You are viewing a plain text version of this content. The canonical link for it is here.
Posted to solr-user@lucene.apache.org by Matt Pearce <ma...@flax.co.uk> on 2015/12/03 17:40:05 UTC

Spellcheck error

Hi,

We're using Solr 5.3.1, and we're getting a 
StringIndexOutOfBoundsException from the SpellCheckCollator. I've done 
some investigation, and it looks like the problem is that the corrected 
string is shorter than the original query.

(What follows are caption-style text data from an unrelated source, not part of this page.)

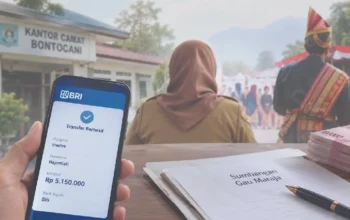 Sumbangan Gau Maraja Diduga Masuk Rekening Pribadi Kasi Umum Kecamatan Bontocani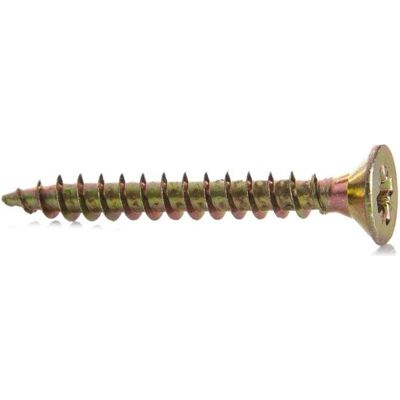 Haushalt, Dübel, CHIPBOARD SCREW 5.0X40 YLW ZP 25PCS G1 (25 Stk.) Haushalt, Dübel, CHIPBOARD SCREW 5.0X40 YLW ZP 25PCS G1 (25 Stk.)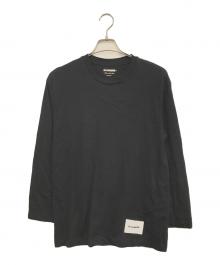 JIL SANDER+（ジルサンダープラス）の古着「ロゴラベルカットソー」｜ブラック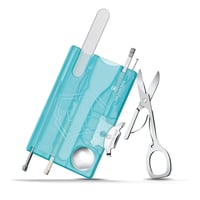 Multifunkčná karta Victorinox Swiss Card Nailcare, 13 funkcií, pilník na nechty, nožnice, skrutkovač 3 mm a 5 mm, veľkosť kreditnej karty 1
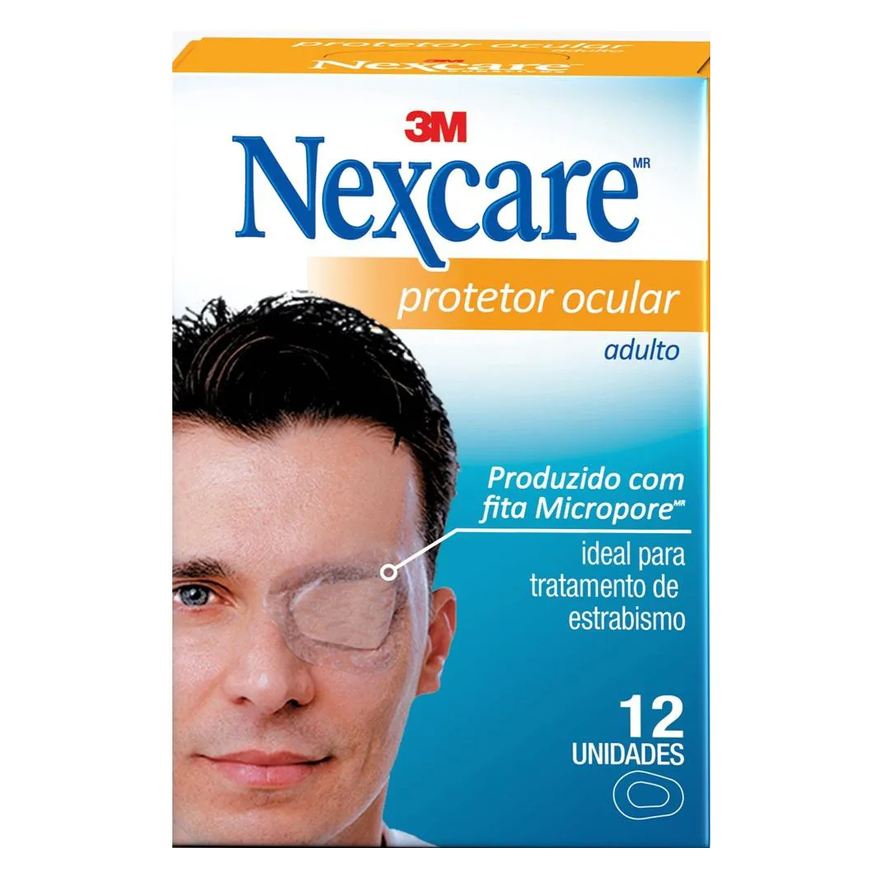Nexcare Protetor Ocular 3M Adulto com 12 unidades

For example, the search term is "theatre", the suggested correction is 
"there". The error is being thrown when replacing the original query 
with the shorter replacement.

This is the stack trace:
java.lang.StringIndexOutOfBoundsException: String index out of range: -2
     at 
java.lang.AbstractStringBuilder.replace(AbstractStringBuilder.java:824)
     at java.lang.StringBuilder.replace(StringBuilder.java:262)
     at 
org.apache.solr.spelling.SpellCheckCollator.getCollation(SpellCheckCollator.java:235)
     at 
org.apache.solr.spelling.SpellCheckCollator.collate(SpellCheckCollator.java:92)
     at 
org.apache.solr.handler.component.SpellCheckComponent.addCollationsToResponse(SpellCheckComponent.java:237)
     at 
org.apache.solr.handler.component.SpellCheckComponent.process(SpellCheckComponent.java:202)
     at 
org.apache.solr.handler.component.SearchHandler.handleRequestBody(SearchHandler.java:277)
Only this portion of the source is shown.